A tipping point has been reached. In the course of seven days, Trump supporters have been sprayed with mace, had their signs destroyed on video and then have been called “racists” and “white nationalists” for suggesting that any of this censorious behavior might be uncalled for. In the wake of these atrocities, I realize that it serves no practical purpose to write mournful odes to free speech because my opponents have no admiration for freedom or for a truly liberal society. Instead, I believe that they have sunk to behaviors that are so primitive and banal in their nature that it is critically important to stop treating them as rational humans capable of engaging in dialogue.
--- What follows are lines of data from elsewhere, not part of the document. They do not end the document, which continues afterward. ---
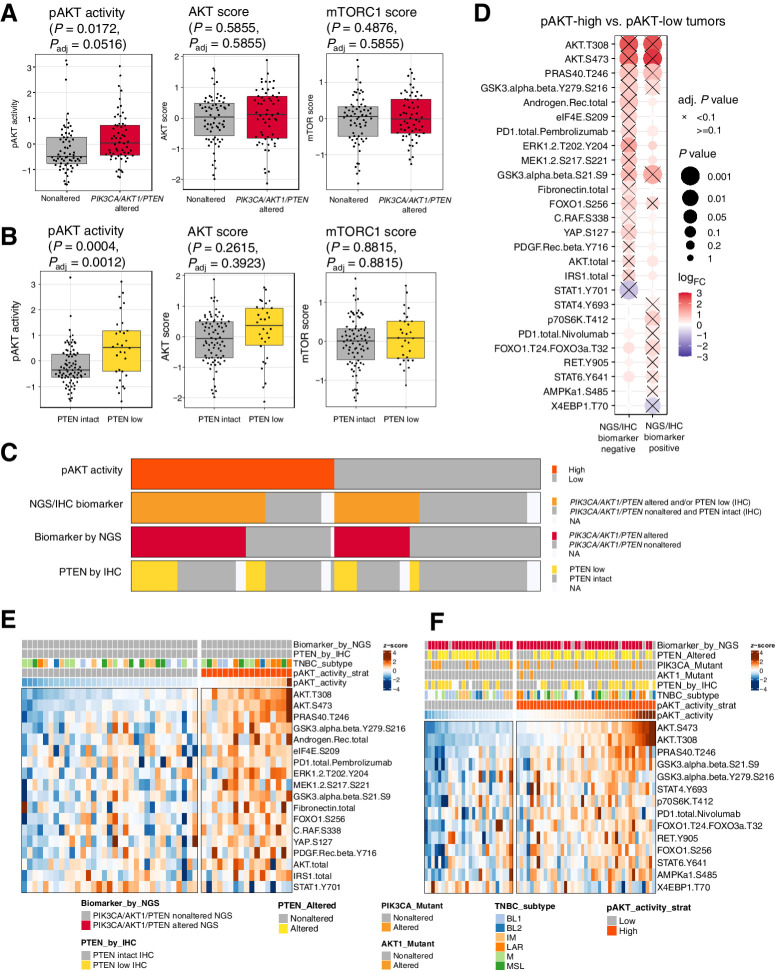 Figure 2. pAKT levels are modulated by PI3K/AKT pathway alterations and additional cell signaling activities. Boxplot showing the levels of pAKT activity, AKT score, and mTORC1 scores in PIK3CA/AKT1/PTEN-nonaltered compared with -altered tumors assessed by NGS in A, and in PTEN-intact compared with PTEN-loss tumors assessed by IHC in B. C, Tile plot showing the overlap of pAKT activity, the status of PIK3CA/AKT1/PTEN alteration by NGS, and PTEN expression by IHC. D, Differential expression analysis between pAKT-high and pAKT-low tumors, stratified by the status of PI3K/AKT pathway biomarkers assessed by NGS and IHC. NGS/IHC biomarker negative: PIK3CA/AKT1/PTEN nonaltered and PTEN intact; NGS/IHC biomarker positive: PIK3CA/AKT1/PTEN altered and/or PTEN low. Heat maps showing the differentially expressed endpoints comparing pAKT-high and pAKT-low tumors (adjusted P value < 0.1), in NGS/IHC biomarker–negative (E) and NGS/IHC biomarker–positive (F) samples, respectively. pAKT_activity_strat, stratifying pAKT activity using a median cut point. TNBC subtypes include: basal-like 1 (BL1); basal-like 2 (BL2); immunomodulatory (IM); LAR; mesenchymal (M); mesenchymal stem–like (MSL). Adj., adjusted.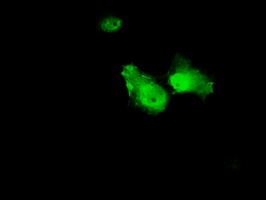 m01451 2 anti annexin a1 anxa1 mouse monoclonal antibody clone id oti3a8 if testing 7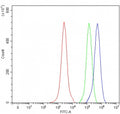 Flow cytometry testing of fixed and permeabilized human JK cells with MMACHC antibody at 1ug/million cells (blocked with goat sera); Red=cells alone, Green=isotype control, Blue= MMACHC antibody.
I believe that a snowflake is uncannily representative of the way the more radical of my opponents make sense of the world around them. The gleam of a snowflake is symbolic of the moral superiority a radical liberal feels when he or she walks by the Berkeley College Republicans’ table on Sproul Plaza, screams “racist” or “fascist” at them and walks away without allowing them to respond. Just this week, a man, after engaging in an aggressive, unfruitful debate with a member of BCR , grabbed their sign and broke it into pieces. This demonstrates that these liberals react exactly as snowflakes when dealt with the light of an opposing argument and the heat of debate, by melting into a watery puddle of hysteria and rage.
The Berkeley snowflake is brought up in environments where there is great conformity in thought. Throughout their lives, they are indoctrinated by liberal professors, family members or friends that have been telling them, as if it were fact, that conservatives were evil and that everything they did was an attempt to move the United States closer to the days of segregation. As a result, the snowflakes cannot hold their end in the marketplace of ideas. For instance, an opposition to safe spaces will be deemed by a snowflake to be an opposition to “people of color,” an opposition to affirmative action will be deemed by the same competent authorities to be an attack on the African American community, and an opposition to illegal immigration will get you portrayed as “anti-Hispanic” and “pro-white.” By conflating criticisms of certain policies with attacks against certain victim groups, these snowflakes make up for their argumentative deficiencies in defending those policies. The snowflakes attempt to sully the motives of those that challenge them, and this relieves them of the burden of actually disputing their opponent’s arguments. Realizing they can’t shoot the message down, they turn around and hurl a spear at the messenger.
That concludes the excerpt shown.